- [Input]
◆ ◆ ◆ ◆
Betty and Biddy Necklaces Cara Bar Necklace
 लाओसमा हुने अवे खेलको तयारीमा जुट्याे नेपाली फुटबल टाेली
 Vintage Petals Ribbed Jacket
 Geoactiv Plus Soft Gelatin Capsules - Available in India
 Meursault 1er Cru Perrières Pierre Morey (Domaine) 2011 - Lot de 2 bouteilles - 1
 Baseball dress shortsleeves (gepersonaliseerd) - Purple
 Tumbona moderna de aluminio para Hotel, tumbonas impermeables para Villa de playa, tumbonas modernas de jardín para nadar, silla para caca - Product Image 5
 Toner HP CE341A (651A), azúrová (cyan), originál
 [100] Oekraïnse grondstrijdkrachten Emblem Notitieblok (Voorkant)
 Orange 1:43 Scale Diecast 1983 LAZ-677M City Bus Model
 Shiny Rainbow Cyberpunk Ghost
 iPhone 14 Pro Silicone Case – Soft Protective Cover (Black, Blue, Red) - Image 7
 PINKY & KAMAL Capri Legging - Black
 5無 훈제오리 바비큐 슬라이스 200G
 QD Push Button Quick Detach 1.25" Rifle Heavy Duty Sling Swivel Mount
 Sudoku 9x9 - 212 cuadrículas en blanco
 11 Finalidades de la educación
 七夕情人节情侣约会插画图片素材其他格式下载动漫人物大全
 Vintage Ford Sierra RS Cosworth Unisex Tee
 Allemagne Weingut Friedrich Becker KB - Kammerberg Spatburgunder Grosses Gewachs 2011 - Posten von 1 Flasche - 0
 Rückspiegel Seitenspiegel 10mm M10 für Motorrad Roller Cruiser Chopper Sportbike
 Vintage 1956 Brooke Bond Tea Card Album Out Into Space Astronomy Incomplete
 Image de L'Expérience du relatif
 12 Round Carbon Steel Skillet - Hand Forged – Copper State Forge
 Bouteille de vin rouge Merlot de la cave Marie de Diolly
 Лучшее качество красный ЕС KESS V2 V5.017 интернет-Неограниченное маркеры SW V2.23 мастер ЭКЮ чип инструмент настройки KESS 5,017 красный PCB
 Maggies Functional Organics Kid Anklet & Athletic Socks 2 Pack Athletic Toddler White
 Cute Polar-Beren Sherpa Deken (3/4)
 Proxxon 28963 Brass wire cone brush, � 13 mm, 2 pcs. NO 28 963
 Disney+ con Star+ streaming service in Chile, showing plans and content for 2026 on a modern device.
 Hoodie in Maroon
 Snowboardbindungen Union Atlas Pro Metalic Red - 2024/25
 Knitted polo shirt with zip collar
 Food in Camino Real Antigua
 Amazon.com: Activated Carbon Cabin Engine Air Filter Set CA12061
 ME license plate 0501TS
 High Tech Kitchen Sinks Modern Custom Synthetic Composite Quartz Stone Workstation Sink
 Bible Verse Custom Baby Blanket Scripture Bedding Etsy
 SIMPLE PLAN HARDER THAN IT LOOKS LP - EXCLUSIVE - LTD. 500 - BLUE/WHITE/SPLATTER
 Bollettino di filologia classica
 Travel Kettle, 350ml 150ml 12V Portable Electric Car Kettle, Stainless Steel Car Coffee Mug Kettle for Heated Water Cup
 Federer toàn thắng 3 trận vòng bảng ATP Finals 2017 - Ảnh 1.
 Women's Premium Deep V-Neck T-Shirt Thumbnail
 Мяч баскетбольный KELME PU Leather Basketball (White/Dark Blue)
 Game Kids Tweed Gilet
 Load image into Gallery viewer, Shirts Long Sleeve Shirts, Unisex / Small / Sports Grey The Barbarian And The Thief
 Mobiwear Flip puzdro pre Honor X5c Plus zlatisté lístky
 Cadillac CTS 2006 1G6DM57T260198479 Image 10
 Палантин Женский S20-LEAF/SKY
◆ ◆ ◆ ◆
- [Your objective] Each record above is to be reproduced word for word.

- [Solution to this problem]
Betty and Biddy Necklaces Cara Bar Necklace
 लाओसमा हुने अवे खेलको तयारीमा जुट्याे नेपाली फुटबल टाेली
 Vintage Petals Ribbed Jacket
 Geoactiv Plus Soft Gelatin Capsules - Available in India
 Meursault 1er Cru Perrières Pierre Morey (Domaine) 2011 - Lot de 2 bouteilles - 1
 Baseball dress shortsleeves (gepersonaliseerd) - Purple
 Tumbona moderna de aluminio para Hotel, tumbonas impermeables para Villa de playa, tumbonas modernas de jardín para nadar, silla para caca - Product Image 5
 Toner HP CE341A (651A), azúrová (cyan), originál
 [100] Oekraïnse grondstrijdkrachten Emblem Notitieblok (Voorkant)
 Orange 1:43 Scale Diecast 1983 LAZ-677M City Bus Model
 Shiny Rainbow Cyberpunk Ghost
 iPhone 14 Pro Silicone Case – Soft Protective Cover (Black, Blue, Red) - Image 7
 PINKY & KAMAL Capri Legging - Black
 5無 훈제오리 바비큐 슬라이스 200G
 QD Push Button Quick Detach 1.25" Rifle Heavy Duty Sling Swivel Mount
 Sudoku 9x9 - 212 cuadrículas en blanco
 11 Finalidades de la educación
 七夕情人节情侣约会插画图片素材其他格式下载动漫人物大全
 Vintage Ford Sierra RS Cosworth Unisex Tee
 Allemagne Weingut Friedrich Becker KB - Kammerberg Spatburgunder Grosses Gewachs 2011 - Posten von 1 Flasche - 0
 Rückspiegel Seitenspiegel 10mm M10 für Motorrad Roller Cruiser Chopper Sportbike
 Vintage 1956 Brooke Bond Tea Card Album Out Into Space Astronomy Incomplete
 Image de L'Expérience du relatif
 12 Round Carbon Steel Skillet - Hand Forged – Copper State Forge
 Bouteille de vin rouge Merlot de la cave Marie de Diolly
 Лучшее качество красный ЕС KESS V2 V5.017 интернет-Неограниченное маркеры SW V2.23 мастер ЭКЮ чип инструмент настройки KESS 5,017 красный PCB
 Maggies Functional Organics Kid Anklet & Athletic Socks 2 Pack Athletic Toddler White
 Cute Polar-Beren Sherpa Deken (3/4)
 Proxxon 28963 Brass wire cone brush, � 13 mm, 2 pcs. NO 28 963
 Disney+ con Star+ streaming service in Chile, showing plans and content for 2026 on a modern device.
 Hoodie in Maroon
 Snowboardbindungen Union Atlas Pro Metalic Red - 2024/25
 Knitted polo shirt with zip collar
 Food in Camino Real Antigua
 Amazon.com: Activated Carbon Cabin Engine Air Filter Set CA12061
 ME license plate 0501TS
 High Tech Kitchen Sinks Modern Custom Synthetic Composite Quartz Stone Workstation Sink
 Bible Verse Custom Baby Blanket Scripture Bedding Etsy
 SIMPLE PLAN HARDER THAN IT LOOKS LP - EXCLUSIVE - LTD. 500 - BLUE/WHITE/SPLATTER
 Bollettino di filologia classica
 Travel Kettle, 350ml 150ml 12V Portable Electric Car Kettle, Stainless Steel Car Coffee Mug Kettle for Heated Water Cup
 Federer toàn thắng 3 trận vòng bảng ATP Finals 2017 - Ảnh 1.
 Women's Premium Deep V-Neck T-Shirt Thumbnail
 Мяч баскетбольный KELME PU Leather Basketball (White/Dark Blue)
 Game Kids Tweed Gilet
 Load image into Gallery viewer, Shirts Long Sleeve Shirts, Unisex / Small / Sports Grey The Barbarian And The Thief
 Mobiwear Flip puzdro pre Honor X5c Plus zlatisté lístky
 Cadillac CTS 2006 1G6DM57T260198479 Image 10
 Палантин Женский S20-LEAF/SKY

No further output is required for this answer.